Ajith: An Otter Among Primates
Dear Ajith,
It is sort of hard - for anyone who has known you or met you occasionally as I did - to accept that you are gone. For you were much more than a wildlife biologist (and a fine one at that).
You were a true kind, gentle teacher You were one who was loved by anyone who learnt under him. Both these put you in the rarest of the rare, as endangered as some of the species you must have seen in your many excursions into our country's fine forests.
Anyone who has known you will carry the memory of a wide smile under an equally wide moustache, the eyes behind those large spectacles lit with a twinkle and the light of compassion. I will for sure. I have something more too, for, somewhere in a notebook, in that pile of used ones, I have that page on which you scribbled those notes on the otter transect in the NCBS canteen.
Which brings me to your wish, which you had expressed to friends and is in the last paragraph of the lovely tribute to you in Current Conservation. I hope you are among us again, this time as an otter.
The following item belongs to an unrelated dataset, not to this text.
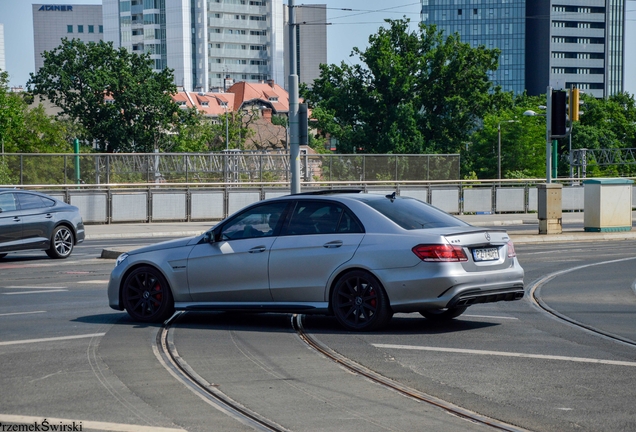 Mercedes-Benz E 63 AMG S W212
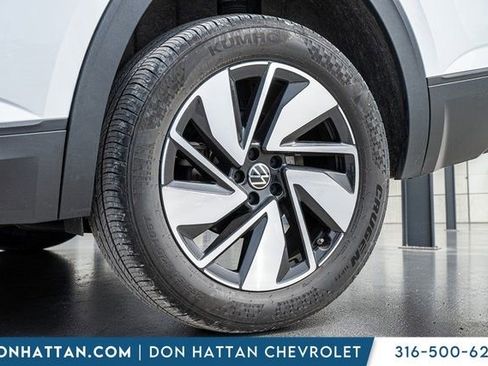 Used 2024 Volkswagen Atlas SE image 39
I wish you had told me of this wish sometime and I would have asked you in turn, 'Which species?', which no one probably had done earlier. You would have laughed, those eyes twinkling with mischief at the thought, and then lapsed into the exploration of this idea.
...and that would have been a debate in itself, if a light, thoughtful, soft-spoken conversation can be termed a debate.
So, I hope you are there somewhere - a smooth coated otter, guiding those young ones with gentle nudges into the water and reminding them of a larger world that exists outside their known realm.... - yes, I hope you are there somewhere.
If we meet when I am in the field, those eyes will give you away.